### Exercise objective
Only the lines from the one with "同一个钓位换浮漂要重新调目吗,更换钓点怎么二次调漂" through the last line of the data below are to be duplicated, exactly and without pictures.

### Information shown
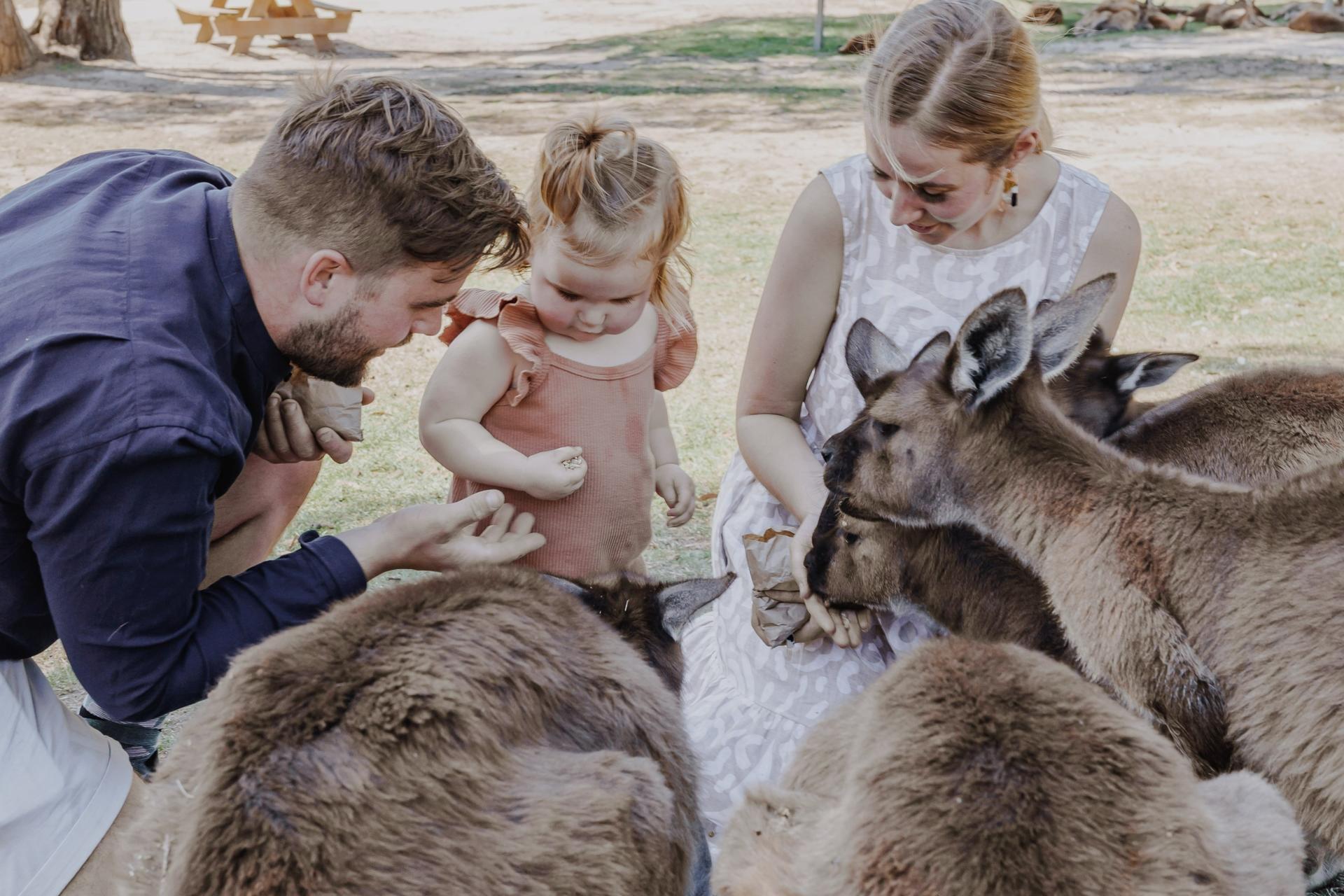 Ballarat Wildlife Park General Ticket - Image 1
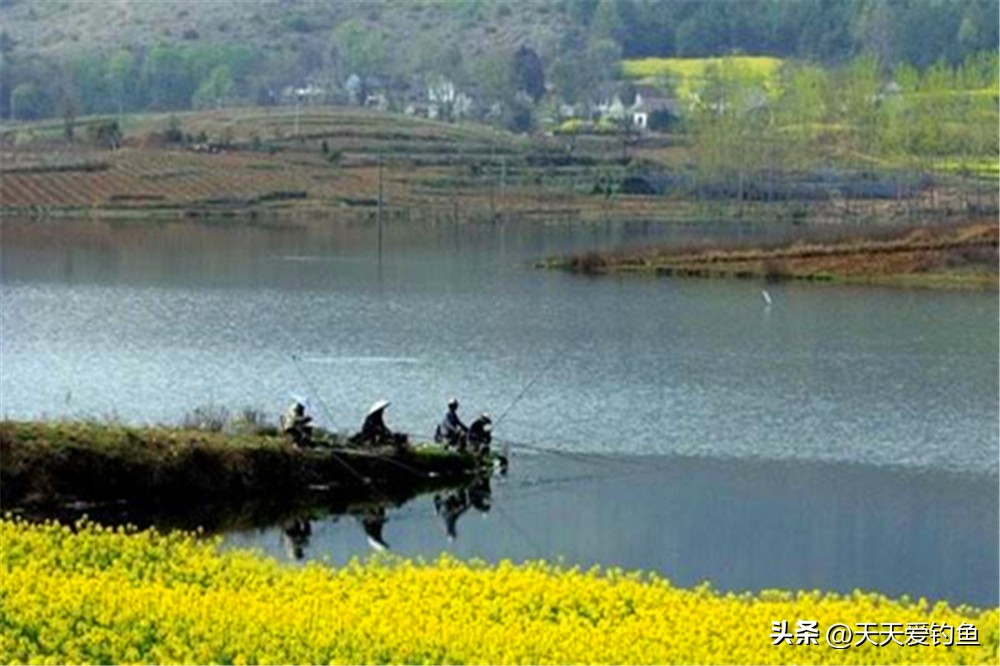 同一个钓位换浮漂要重新调目吗,更换钓点怎么二次调漂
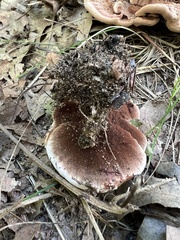 Hydnellum concrescens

### Your response
 同一个钓位换浮漂要重新调目吗,更换钓点怎么二次调漂
 Hydnellum concrescens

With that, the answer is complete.